Translation, Paraphrase, and Transformation

I’ve been using a term about Bible translation, or rather, about a form of presenting the message of the Biblical text without taking the time to rigorously define it. That term is “transformation.” I want to throw out this post for some comments, and explain why I started using that term. Has it been used elsewhere in a similar way? Might there be a better term to use.

Here’s the problem, as I see it. Typically we use terms like literal (not a very good one), formal equivalence, functional equivlanece, or dynamic equivalence for various translation methods. Loosely hanging around somewhere in that semantic space is the term “paraphrase” which means “excessively loose” in popular speech, but “rephrased from a text in the same language” in more technical discussions. But paraphrasing looks like just another part of translation. I know that when I translate a passage for my own use, or because I want to post some text on my blog but don’t want to deal with copyright issue, I first translate more literally, then I paraphrase, and then I compare that paraphrase back to the text in the original language to make sure I didn’t miss something. I do that even when I’m producing a generally formally equivalent translation.

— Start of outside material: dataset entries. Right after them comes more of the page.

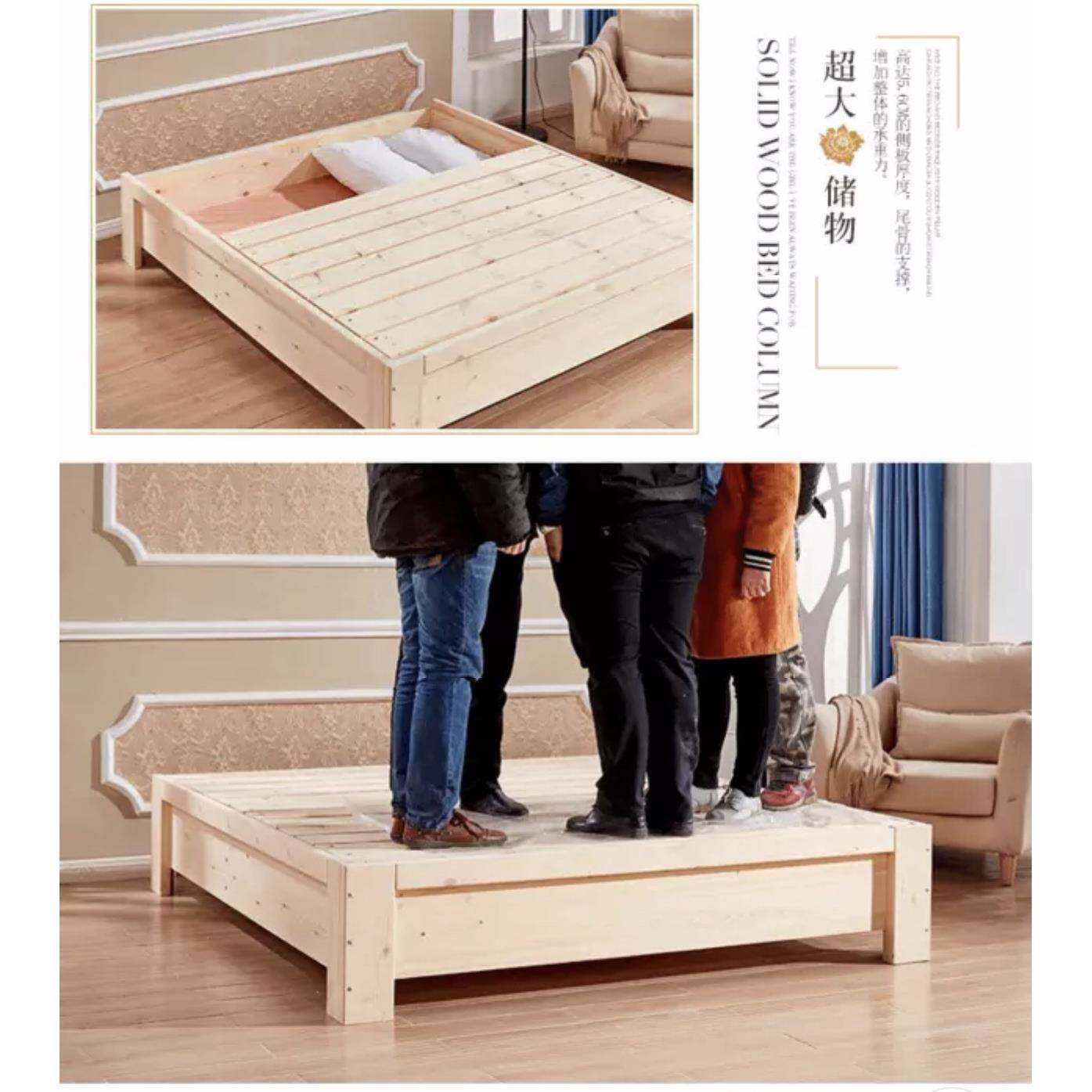 0J实木高箱床体低带箱双人头1.无品牌/8床头气压床储物不床无床侧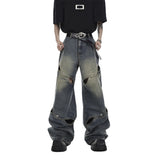 Wide Leg Jeans Pants Men Streetwear Baggy Distressed Denim Trousers Male Oversize Hollow Out Casual Korean Hip Hop aidase-shop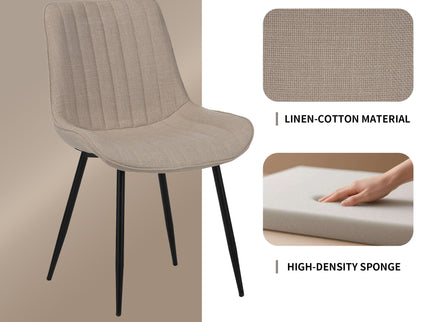 Dining Chair Set With Padded Backrests (Set of 4) - Beige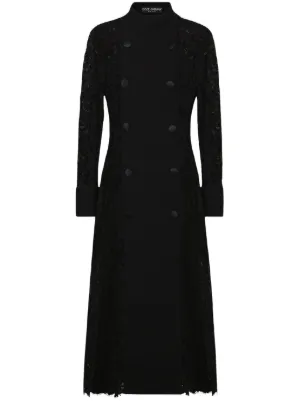 Dolce & Gabbana double-breasted Long Coat | Black | FARFETCH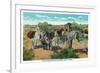 Nevada, View of an Old Prospector in the Desert with Burros-Lantern Press-Framed Art Print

I don’t think “paraphrase” is likely to tamed very easily, because it doesn’t describe a type of translation, but rather a process. The characteristics that make people call The Message a paraphrase is not about how much paraphrasing took place. I doubt that Dr. Peterson did much more actual paraphrasing than the producers of the NLT or the REB, for example.

I said something similar about a revision as opposed to a fresh translation nearly a year ago. The question is what in the text produced defines a revision? Certainly a significant amount of phraseology would be identical or similar, but provided the revisers test all their work against the source languages, and are free to make any necessary changes, there is little practical difference.

The Living Bible was not translated from the original languages, and technically that makes it a paraphrase. But it is no wonder that people who have read the Living Bible and some of the excellent dynamic equivalence translations try to call both paraphrases. On the surface, they can look very similar. The key difference is not the amount of paraphrasing, but simply that the source text was not the original languages.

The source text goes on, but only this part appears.